I must admit I remained torn throughout my reading, because of the “rags to riches” aspect—it was hard for me to decide if it was too cliché to my liking, or if it provided, on the contrary, a nice mise en abyme to Tom Casey’s shows: they’re described as “ridiculous and inane” by Jamie, stories where a working girl discovers she’s actually from a noble background and gets to embrace her legacy while also finding love… and this runs parallel to what happens to Philomena, except that she knows she’s of noble birth, but hides it, since people are always scared of her whenever she mentions coming from London. I tend to be on the fence regarding such plots, and there are quite a few clichés as well in this one: the letters that never arrive. Still, I couldn’t help but keep thinking that was totally on purpose, the author going all “sod it, I like those tropes, so I’m going to use them”, and not something done to fit a stereotype just because “some people love it”. I cannot fault that, and any reader who enjoys this kind of story is very likely to enjoy this one more than I did. (Which isn’t to say I didn’t—it’s just not my favourite kind of plot, if that makes sense.)
One really good thing here, regarding this “sterotypical plot”, is the feeling of unease permeating it. Perhaps because I already knew what Philomena had been through, perhaps because I expected “something” to happen at some point, but also because, under all the glitter and budding-singer-becomes-a-star glitz, I could sense that something was amiss. And I’d say the characters feel it too, especially Jamie, who may speak out of jealousy or contempt, yet nevertheless puts a finger on a few strange things in the process.
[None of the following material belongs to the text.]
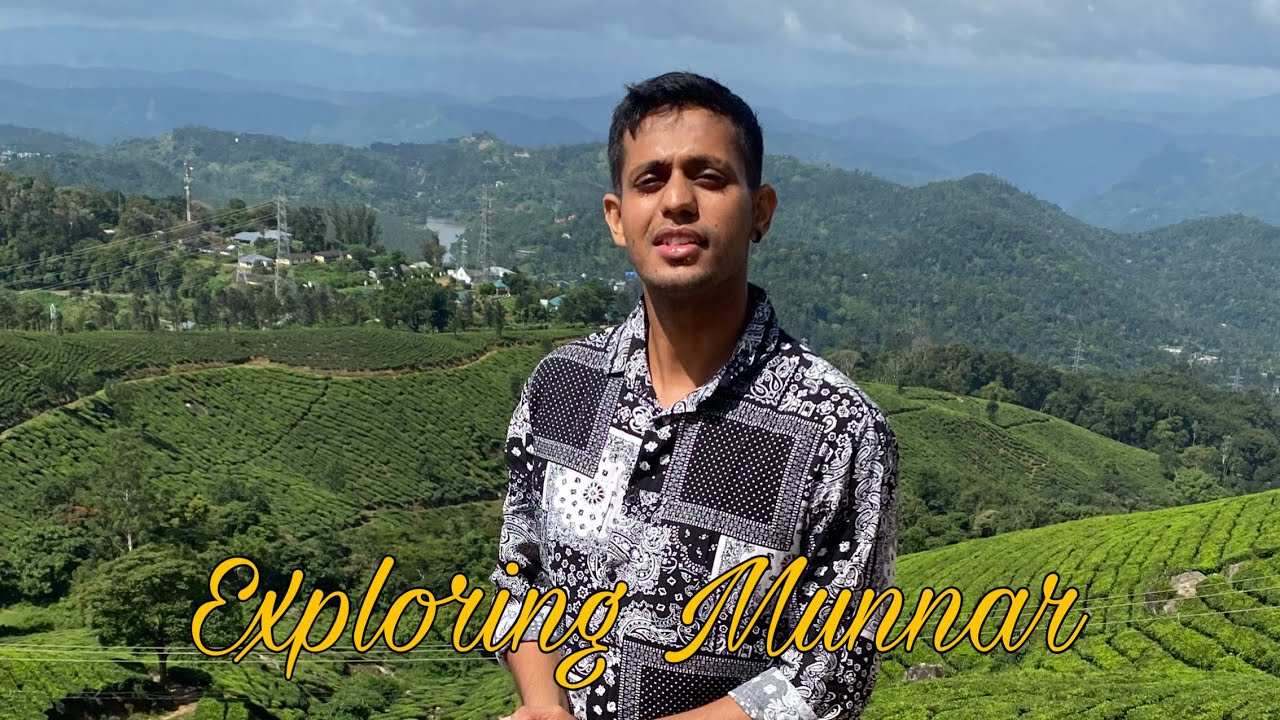 Vlog 16 | Exploring munnar (Part 2 of roadtrip)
Another good thing is that the heroine is not a passive, helpless creature who lets events unfold around her; she tries to seize chances (going to auditions…) when she can, and she asserts her will (when a man boos her at her first show, she improvises and ends up impressing the audience). Phil knows what she wants, and is ready to fight for it, even though there are moments when she feels defeated. Yet this is also part of what “being a strong character” entails: it doesn’t mean being strong all the time, nor doing everything alone, it also means being able to acknowledge when you need help, and get it, and then win. Sort of.
The romance part was alright (I know, I know, I’m really a tough audience in terms of romance). Philomena’s love interest definitely had flaws, which made him human (and that’s good), but those flaws weren’t a deal breaker for me, unlike all these brooding-assholish “I’m so dangerous so don’t come near me characters”, and he was a decent person all around, who respected Phil’s personality.
The other guy was revolting, to say the least. I hated reading about him—and that is an extremely good thing, since eliciting feelings in a reader isn’t so easily done, at least not when I am concerned. When an author conveys how despicable a character is, in a manner that makes me feel like strangling said character with their own guts, well, that author has done something right.
I do believe the story could and should have been longer, though. As it is, a lot of screen time, so to speak, was devoted to the “rags to riches” part, and by contrast the resolution came too quickly. We barely get to see anything of Iris, Elliot and the others, when their role was important and would have deserved more, without necessarily detracting from Phil’s status as the main character. As it is, it seemed as if the main story was all told already, and that the mysterious/conspiracy part of the plot had to be dealt with because a resolution was expected, yet without being really convinced about it. Had this part been more developed, it’d have been a 4-stars for me.